Mrs Henderson says there were “two sad consequences.”
“ First, my father’s reputation for never interfering in the work of his successors or making public criticisms of them personally was undoubtedly damaged. He had always been meticulous about saying nothing in public that might hurt them or their families.”
“Second, McNicoll had succeeded in damaging his own reputation as well.”
...DD McNicoll to the defence...
The day after the letter appeared, in “Ming taped with assent,”DD McNicoll took up his pen to defend his father against the charge that he had recorded the conversation secretly. He said his father had borrowed a cassette recorder “the size of a briefcase” for the interview.
Further, he said, you had to use “large buttons and circular dials” to turn it on, and could not be used discreetly.
He said the original tape of the conversation is with the State Library of NSW. It begins with his father saying "You've seen one of these before?" To which Sir Robert says "Yes."
David McNicoll was an admirer of Sir Robert and kept a bust of him in his office. But consenting to a recording, if he in fact did, is not necessarily consenting to publication.

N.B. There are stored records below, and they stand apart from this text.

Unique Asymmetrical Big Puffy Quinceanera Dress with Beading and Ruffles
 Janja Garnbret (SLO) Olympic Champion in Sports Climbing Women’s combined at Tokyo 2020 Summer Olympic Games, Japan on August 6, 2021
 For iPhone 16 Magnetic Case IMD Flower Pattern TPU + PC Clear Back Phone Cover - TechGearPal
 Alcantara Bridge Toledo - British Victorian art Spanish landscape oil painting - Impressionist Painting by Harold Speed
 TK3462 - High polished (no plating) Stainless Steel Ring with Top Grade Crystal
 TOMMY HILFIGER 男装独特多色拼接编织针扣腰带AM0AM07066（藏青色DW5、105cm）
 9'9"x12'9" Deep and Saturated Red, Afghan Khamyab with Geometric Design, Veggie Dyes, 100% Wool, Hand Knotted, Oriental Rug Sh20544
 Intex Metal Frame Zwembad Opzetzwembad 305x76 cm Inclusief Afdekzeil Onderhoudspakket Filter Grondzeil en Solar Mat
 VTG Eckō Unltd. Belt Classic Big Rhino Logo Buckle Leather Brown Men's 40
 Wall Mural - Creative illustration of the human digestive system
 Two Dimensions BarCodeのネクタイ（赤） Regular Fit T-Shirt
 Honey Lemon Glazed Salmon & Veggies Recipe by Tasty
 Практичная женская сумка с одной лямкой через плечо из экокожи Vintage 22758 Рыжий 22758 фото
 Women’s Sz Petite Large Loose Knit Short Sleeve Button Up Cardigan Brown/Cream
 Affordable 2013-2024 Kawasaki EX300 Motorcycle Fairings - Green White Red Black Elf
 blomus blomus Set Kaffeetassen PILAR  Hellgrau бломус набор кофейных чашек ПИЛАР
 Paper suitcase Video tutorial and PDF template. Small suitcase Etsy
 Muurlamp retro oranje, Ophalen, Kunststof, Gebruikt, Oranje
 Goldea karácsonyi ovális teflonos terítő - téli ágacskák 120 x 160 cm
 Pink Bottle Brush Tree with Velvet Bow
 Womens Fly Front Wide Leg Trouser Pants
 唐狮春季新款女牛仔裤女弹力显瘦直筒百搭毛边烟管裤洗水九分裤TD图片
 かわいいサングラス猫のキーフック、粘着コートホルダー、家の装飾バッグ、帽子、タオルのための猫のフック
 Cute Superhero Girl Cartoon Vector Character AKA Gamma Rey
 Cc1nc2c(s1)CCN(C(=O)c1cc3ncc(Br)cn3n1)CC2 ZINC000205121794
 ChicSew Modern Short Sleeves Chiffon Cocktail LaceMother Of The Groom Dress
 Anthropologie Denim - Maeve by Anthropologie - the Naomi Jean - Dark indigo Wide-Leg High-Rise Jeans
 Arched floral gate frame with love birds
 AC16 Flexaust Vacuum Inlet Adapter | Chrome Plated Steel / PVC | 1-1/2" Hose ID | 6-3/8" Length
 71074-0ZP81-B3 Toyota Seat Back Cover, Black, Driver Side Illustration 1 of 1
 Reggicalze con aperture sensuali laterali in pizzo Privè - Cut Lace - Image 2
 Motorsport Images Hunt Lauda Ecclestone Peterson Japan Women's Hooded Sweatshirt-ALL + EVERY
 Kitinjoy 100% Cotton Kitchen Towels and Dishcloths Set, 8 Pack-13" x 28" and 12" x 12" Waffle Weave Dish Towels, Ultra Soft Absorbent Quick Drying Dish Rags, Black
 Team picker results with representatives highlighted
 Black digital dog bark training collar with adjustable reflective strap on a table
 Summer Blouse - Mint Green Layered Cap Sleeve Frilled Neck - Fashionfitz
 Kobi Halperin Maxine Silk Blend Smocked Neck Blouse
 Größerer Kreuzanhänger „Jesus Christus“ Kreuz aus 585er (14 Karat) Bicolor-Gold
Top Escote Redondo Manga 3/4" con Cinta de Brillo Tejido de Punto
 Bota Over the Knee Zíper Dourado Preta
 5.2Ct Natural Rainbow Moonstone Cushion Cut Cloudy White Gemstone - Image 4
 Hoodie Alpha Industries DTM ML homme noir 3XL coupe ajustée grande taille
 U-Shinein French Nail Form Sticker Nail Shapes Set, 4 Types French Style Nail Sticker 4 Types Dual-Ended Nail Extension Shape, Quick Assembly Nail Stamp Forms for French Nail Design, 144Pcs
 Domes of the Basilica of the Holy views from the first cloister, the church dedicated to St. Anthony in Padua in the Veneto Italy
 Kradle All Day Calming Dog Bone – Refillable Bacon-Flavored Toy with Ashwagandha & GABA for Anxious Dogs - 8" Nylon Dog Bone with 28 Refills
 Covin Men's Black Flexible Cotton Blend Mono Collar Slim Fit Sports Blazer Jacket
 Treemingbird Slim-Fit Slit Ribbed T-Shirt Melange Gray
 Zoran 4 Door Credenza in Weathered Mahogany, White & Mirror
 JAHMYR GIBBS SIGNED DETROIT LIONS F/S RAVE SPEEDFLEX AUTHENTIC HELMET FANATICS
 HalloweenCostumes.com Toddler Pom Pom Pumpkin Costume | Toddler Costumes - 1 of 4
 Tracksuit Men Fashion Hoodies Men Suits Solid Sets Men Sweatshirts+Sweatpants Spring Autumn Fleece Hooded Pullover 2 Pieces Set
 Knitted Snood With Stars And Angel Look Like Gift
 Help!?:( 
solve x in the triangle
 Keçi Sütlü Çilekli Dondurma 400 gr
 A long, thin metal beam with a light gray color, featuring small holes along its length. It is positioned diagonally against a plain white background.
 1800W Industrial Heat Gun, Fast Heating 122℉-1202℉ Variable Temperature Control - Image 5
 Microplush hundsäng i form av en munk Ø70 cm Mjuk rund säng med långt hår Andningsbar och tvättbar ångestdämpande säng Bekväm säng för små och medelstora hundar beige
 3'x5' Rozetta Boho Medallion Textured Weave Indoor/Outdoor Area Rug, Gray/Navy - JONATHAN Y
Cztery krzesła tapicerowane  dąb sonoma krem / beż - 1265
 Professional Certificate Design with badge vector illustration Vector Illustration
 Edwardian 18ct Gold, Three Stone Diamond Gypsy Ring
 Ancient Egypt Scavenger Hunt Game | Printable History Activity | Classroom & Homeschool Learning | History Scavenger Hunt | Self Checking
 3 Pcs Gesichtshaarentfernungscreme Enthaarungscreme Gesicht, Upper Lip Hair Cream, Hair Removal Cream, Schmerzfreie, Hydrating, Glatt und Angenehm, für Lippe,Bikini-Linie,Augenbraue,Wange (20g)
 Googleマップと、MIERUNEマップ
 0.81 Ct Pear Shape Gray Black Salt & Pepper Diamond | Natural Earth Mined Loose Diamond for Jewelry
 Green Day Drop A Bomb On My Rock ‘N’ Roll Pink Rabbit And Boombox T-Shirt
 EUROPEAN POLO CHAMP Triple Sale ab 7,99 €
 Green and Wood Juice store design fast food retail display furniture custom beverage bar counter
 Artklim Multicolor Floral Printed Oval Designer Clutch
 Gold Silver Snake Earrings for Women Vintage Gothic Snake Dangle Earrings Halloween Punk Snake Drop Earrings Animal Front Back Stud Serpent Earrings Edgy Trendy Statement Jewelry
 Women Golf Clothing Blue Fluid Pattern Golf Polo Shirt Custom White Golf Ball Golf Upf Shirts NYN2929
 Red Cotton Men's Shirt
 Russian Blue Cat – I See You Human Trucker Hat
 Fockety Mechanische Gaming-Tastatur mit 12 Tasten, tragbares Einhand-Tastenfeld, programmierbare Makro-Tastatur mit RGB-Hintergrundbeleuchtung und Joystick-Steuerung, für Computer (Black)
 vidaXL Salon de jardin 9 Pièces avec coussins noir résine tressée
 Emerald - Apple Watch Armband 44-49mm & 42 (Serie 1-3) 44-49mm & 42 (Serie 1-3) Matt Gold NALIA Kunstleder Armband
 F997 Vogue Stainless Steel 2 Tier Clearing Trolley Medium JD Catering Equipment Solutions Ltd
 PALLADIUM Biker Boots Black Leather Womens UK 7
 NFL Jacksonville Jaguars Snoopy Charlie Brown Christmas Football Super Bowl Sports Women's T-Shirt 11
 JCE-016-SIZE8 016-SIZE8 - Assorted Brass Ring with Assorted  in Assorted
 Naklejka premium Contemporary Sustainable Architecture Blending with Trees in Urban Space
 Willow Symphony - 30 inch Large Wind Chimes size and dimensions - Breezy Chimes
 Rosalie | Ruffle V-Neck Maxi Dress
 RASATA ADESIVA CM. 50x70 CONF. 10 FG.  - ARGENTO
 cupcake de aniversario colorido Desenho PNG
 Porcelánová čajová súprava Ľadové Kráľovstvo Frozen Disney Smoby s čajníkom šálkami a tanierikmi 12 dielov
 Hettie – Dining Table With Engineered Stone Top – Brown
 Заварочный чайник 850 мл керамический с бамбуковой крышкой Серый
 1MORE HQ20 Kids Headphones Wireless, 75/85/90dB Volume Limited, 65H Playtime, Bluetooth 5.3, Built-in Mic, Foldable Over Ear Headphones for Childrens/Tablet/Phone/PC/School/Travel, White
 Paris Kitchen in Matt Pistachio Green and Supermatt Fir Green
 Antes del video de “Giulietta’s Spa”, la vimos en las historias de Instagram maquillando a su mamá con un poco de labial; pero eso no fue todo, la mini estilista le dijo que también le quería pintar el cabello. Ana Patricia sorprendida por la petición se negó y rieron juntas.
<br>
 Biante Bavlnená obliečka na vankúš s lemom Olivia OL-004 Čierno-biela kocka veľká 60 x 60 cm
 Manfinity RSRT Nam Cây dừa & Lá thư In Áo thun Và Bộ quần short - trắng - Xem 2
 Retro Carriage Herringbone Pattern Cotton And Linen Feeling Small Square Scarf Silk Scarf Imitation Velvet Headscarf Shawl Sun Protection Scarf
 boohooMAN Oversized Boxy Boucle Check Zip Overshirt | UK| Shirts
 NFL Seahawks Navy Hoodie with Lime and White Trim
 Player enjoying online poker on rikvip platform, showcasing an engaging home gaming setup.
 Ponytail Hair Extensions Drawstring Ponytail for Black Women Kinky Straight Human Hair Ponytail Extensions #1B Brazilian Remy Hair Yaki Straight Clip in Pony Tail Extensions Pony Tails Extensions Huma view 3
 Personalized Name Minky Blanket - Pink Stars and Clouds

This is done all the time, although such record as is kept is usually in writing only. We shall never know the conditions on which the recording was made.
Both were admirable, honourable men. Each played a considerable role in the public life of this country. They both radiated a patrician but not identical style, the sort of style now frowned upon. David McNicoll was the debonair man about town, a description which does not in any way fit Sir Robert.
They both spoke with great authority. Sir Robert has had no equal as a public speaker, and David McNicoll had a rare ability to communicate across the political and social spectrum.
I do find it hard to believe that Sir Robert would have wanted the conversation published. He was too big a man to have allowed that.
But I suppose that David McNicoll could well have believed that, as with a confidential source, the obligation for secrecy was at an end when the source left this mortal world.
I expect that Sir Robert, a magnanimous and measured man, has probably forgiven him.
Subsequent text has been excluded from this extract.